| Exercise description |
Up to and including the line with "Red Bling Stick", restate the records below word for word, beginning with their first line.
- - - - - - -
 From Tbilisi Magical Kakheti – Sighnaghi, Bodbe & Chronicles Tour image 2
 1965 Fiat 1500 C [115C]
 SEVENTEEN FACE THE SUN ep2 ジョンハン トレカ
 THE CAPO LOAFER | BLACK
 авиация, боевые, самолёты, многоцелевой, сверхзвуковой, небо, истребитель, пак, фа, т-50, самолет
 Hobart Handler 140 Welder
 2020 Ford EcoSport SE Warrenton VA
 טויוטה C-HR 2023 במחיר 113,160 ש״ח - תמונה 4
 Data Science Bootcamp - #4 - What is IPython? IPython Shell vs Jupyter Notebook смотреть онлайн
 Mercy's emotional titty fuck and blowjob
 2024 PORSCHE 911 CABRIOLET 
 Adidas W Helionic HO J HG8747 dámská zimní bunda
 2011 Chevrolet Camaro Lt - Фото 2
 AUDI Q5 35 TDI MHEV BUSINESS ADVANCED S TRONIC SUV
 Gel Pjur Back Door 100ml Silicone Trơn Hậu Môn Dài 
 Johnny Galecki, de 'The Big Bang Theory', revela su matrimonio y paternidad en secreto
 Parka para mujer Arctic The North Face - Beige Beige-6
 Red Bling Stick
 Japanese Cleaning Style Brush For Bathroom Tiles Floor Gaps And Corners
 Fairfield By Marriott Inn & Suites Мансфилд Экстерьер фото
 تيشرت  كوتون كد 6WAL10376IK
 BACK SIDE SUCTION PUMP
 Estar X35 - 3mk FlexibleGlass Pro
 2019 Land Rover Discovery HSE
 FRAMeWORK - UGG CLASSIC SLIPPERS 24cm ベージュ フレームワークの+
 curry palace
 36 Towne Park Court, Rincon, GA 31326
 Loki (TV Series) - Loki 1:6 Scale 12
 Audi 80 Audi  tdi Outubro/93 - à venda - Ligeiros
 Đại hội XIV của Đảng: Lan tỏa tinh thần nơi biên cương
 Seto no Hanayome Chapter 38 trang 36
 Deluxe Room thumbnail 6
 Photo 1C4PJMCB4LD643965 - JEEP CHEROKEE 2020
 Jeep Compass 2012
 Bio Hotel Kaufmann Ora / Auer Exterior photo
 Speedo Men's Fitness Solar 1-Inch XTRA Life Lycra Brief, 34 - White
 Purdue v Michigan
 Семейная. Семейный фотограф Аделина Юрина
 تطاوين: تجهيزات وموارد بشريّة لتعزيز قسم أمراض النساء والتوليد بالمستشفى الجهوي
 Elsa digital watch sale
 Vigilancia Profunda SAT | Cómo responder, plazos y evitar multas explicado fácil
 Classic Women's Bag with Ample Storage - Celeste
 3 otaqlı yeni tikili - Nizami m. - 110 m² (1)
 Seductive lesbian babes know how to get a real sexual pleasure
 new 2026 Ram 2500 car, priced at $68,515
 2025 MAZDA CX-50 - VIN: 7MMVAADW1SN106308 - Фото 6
- - - - - - -
| Answer to this exercise |
 From Tbilisi Magical Kakheti – Sighnaghi, Bodbe & Chronicles Tour image 2
 1965 Fiat 1500 C [115C]
 SEVENTEEN FACE THE SUN ep2 ジョンハン トレカ
 THE CAPO LOAFER | BLACK
 авиация, боевые, самолёты, многоцелевой, сверхзвуковой, небо, истребитель, пак, фа, т-50, самолет
 Hobart Handler 140 Welder
 2020 Ford EcoSport SE Warrenton VA
 טויוטה C-HR 2023 במחיר 113,160 ש״ח - תמונה 4
 Data Science Bootcamp - #4 - What is IPython? IPython Shell vs Jupyter Notebook смотреть онлайн
 Mercy's emotional titty fuck and blowjob
 2024 PORSCHE 911 CABRIOLET 
 Adidas W Helionic HO J HG8747 dámská zimní bunda
 2011 Chevrolet Camaro Lt - Фото 2
 AUDI Q5 35 TDI MHEV BUSINESS ADVANCED S TRONIC SUV
 Gel Pjur Back Door 100ml Silicone Trơn Hậu Môn Dài 
 Johnny Galecki, de 'The Big Bang Theory', revela su matrimonio y paternidad en secreto
 Parka para mujer Arctic The North Face - Beige Beige-6
 Red Bling Stick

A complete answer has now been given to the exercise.